DESCRIPTION OF THE TASK => Your task is to return, word for word, only the lines from the line with "Negócio para Venda" through the close of the data. Exclude all pictures.

_____

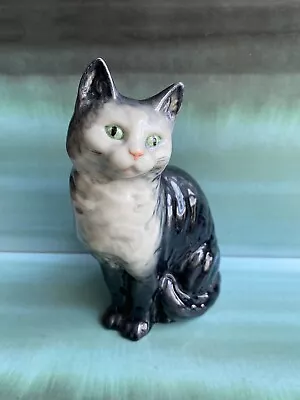 Buy Beswick Vintage Black And White Cat Sitting Figurine Model 1030 • 12.95£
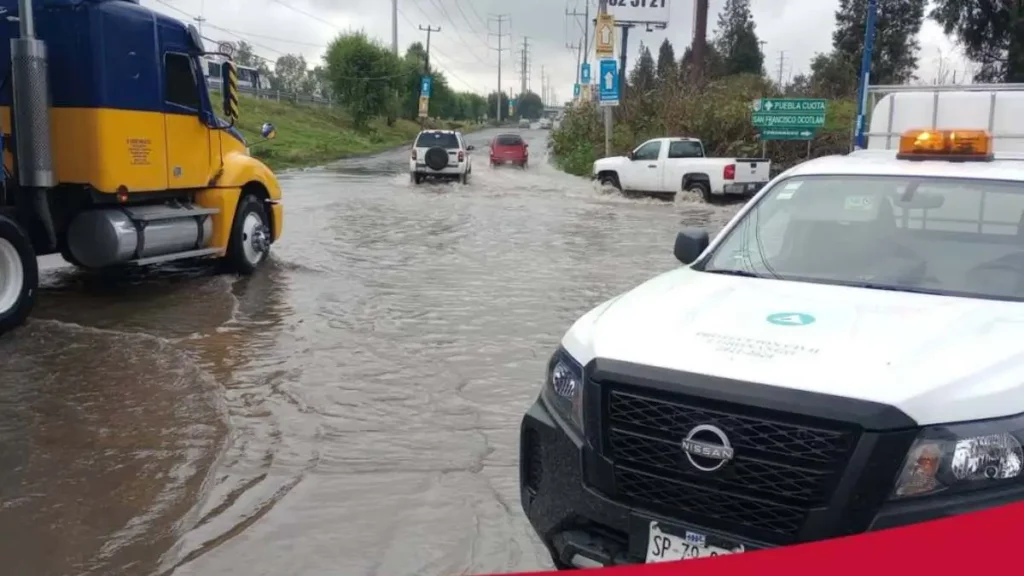 Hospitales dañados y deslaves, esto han dejado las lluvias en Puebla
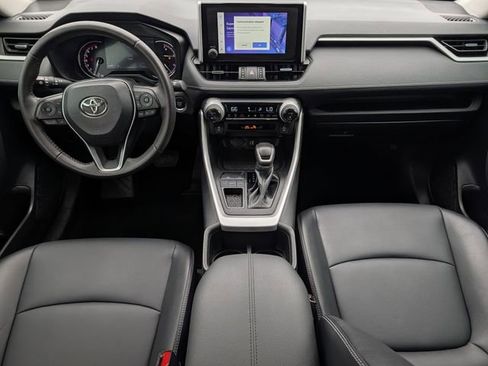 Used 2024 Toyota RAV4 XLE Premium image 11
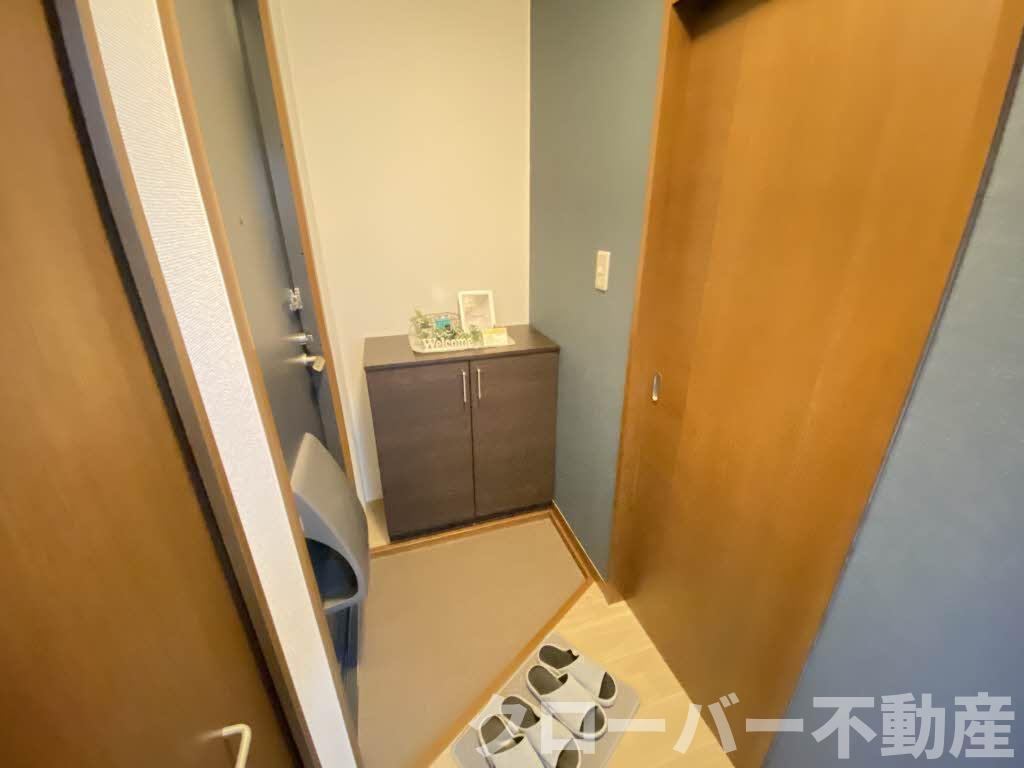 レシェンテ D棟の玄関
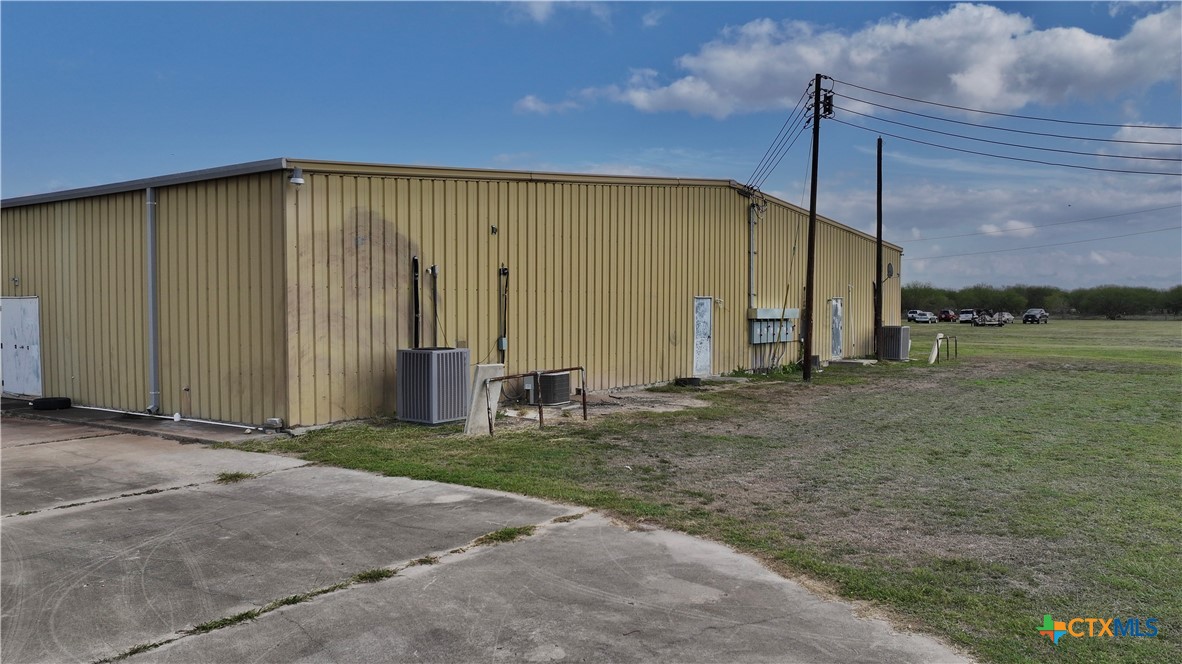 main property photo 7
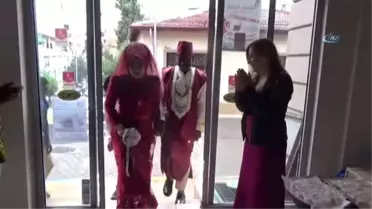 Göç İdaresi, Afrikalı Mohammed'e Kız İstedi
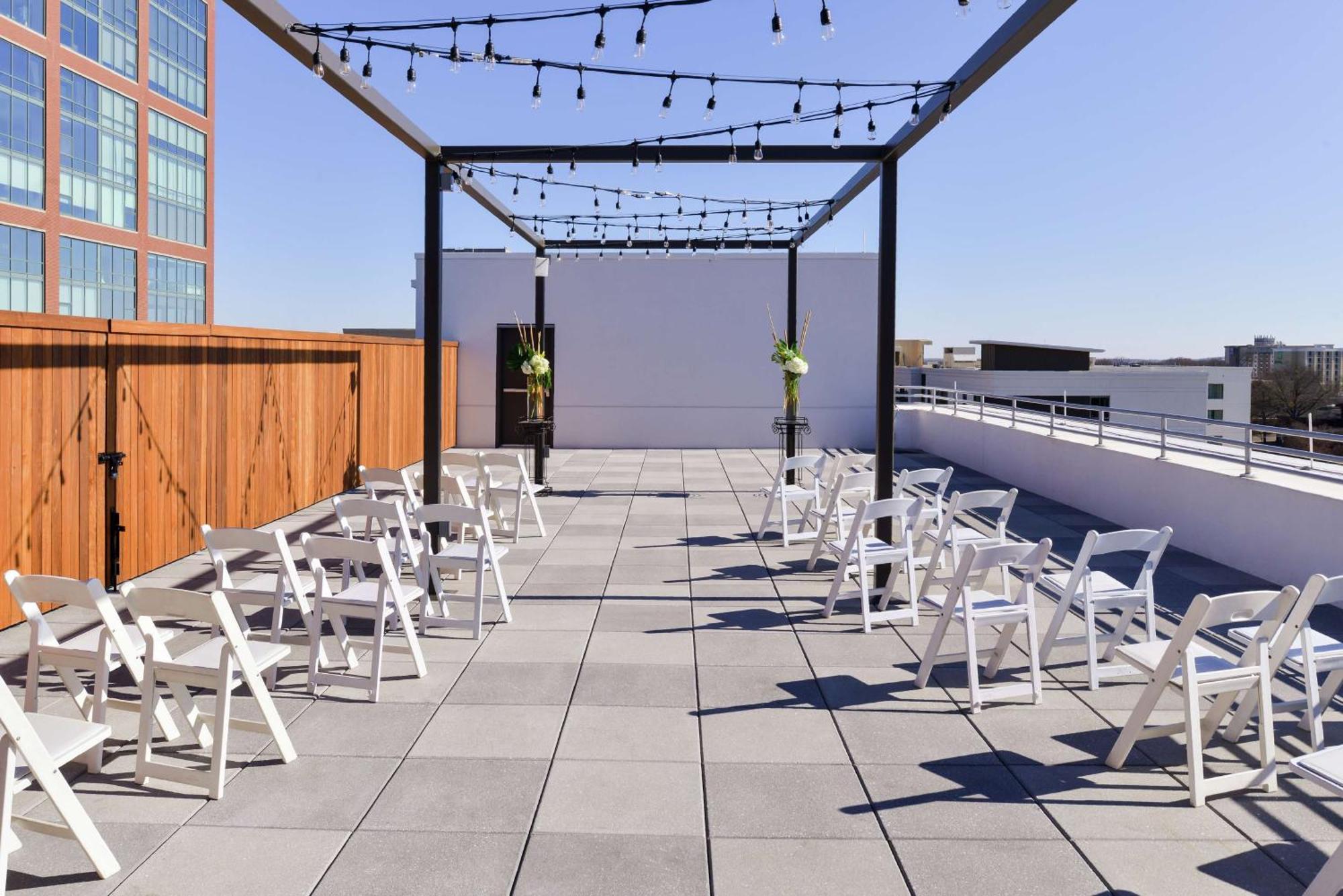 Hilton Garden Inn Little Rock Downtown מראה חיצוני תמונה
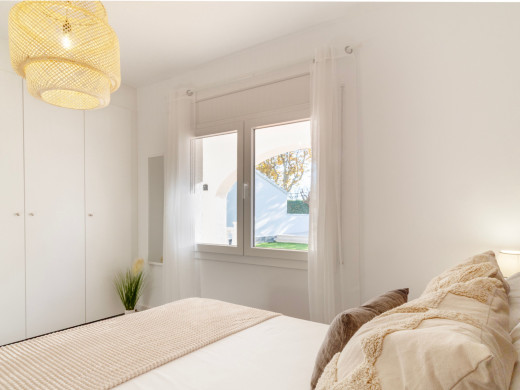 Refurbished ground floor flat with swimming pool and parking in Empuriabrava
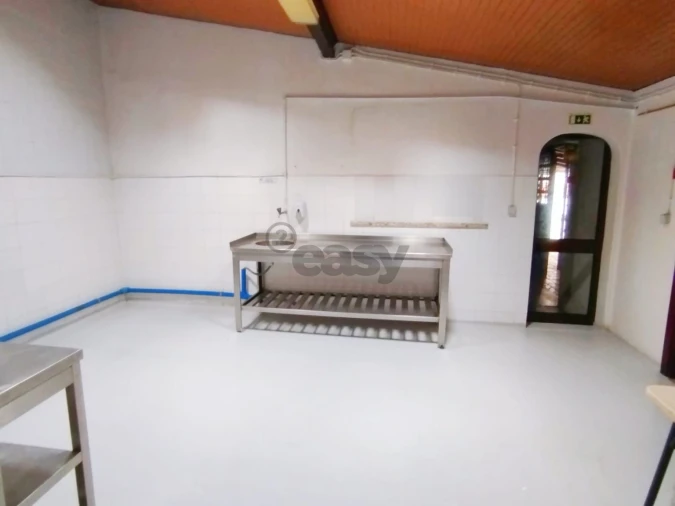 Negócio para Venda em Casais e Alviobeira Foto 30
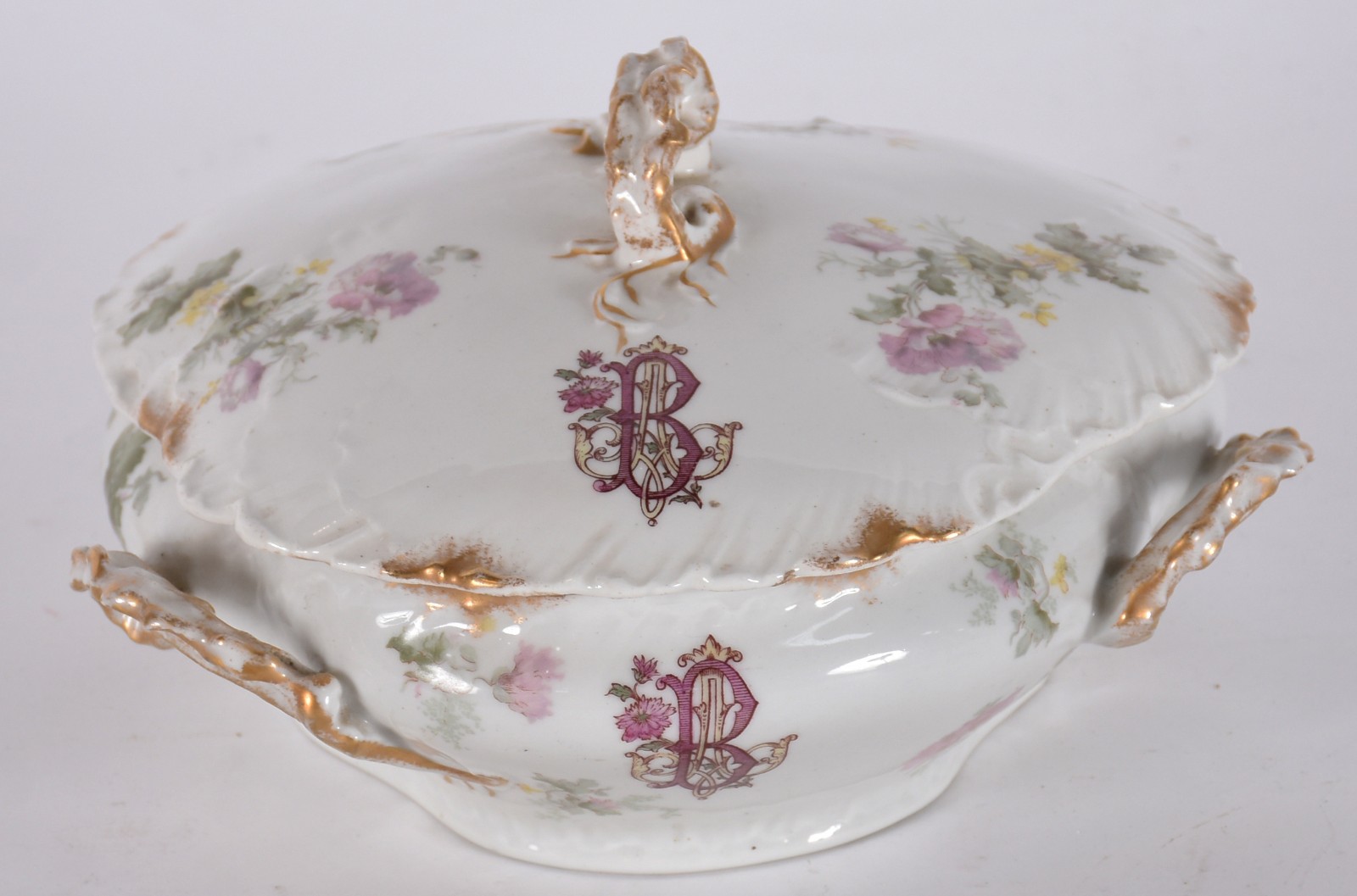 Terrina de porcelana francesa de Limoges, século XIX, borda com... - foto 1 de 7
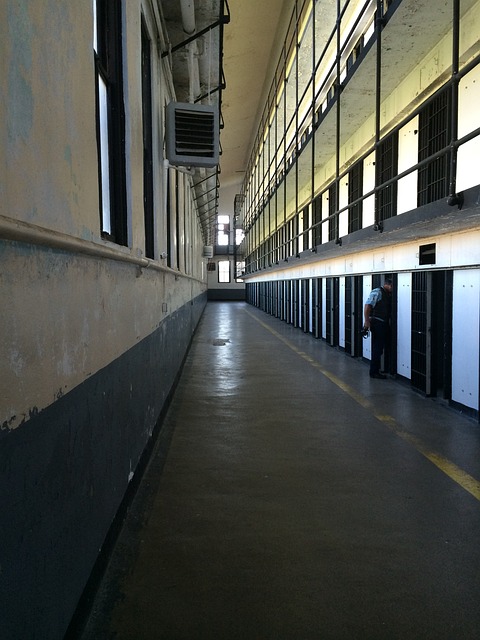 监狱 细胞 电池块 - 上的免费照片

_____

SOLVED PROBLEM =>
 Negócio para Venda em Casais e Alviobeira Foto 30
 Terrina de porcelana francesa de Limoges, século XIX, borda com... - foto 1 de 7
 监狱 细胞 电池块 - 上的免费照片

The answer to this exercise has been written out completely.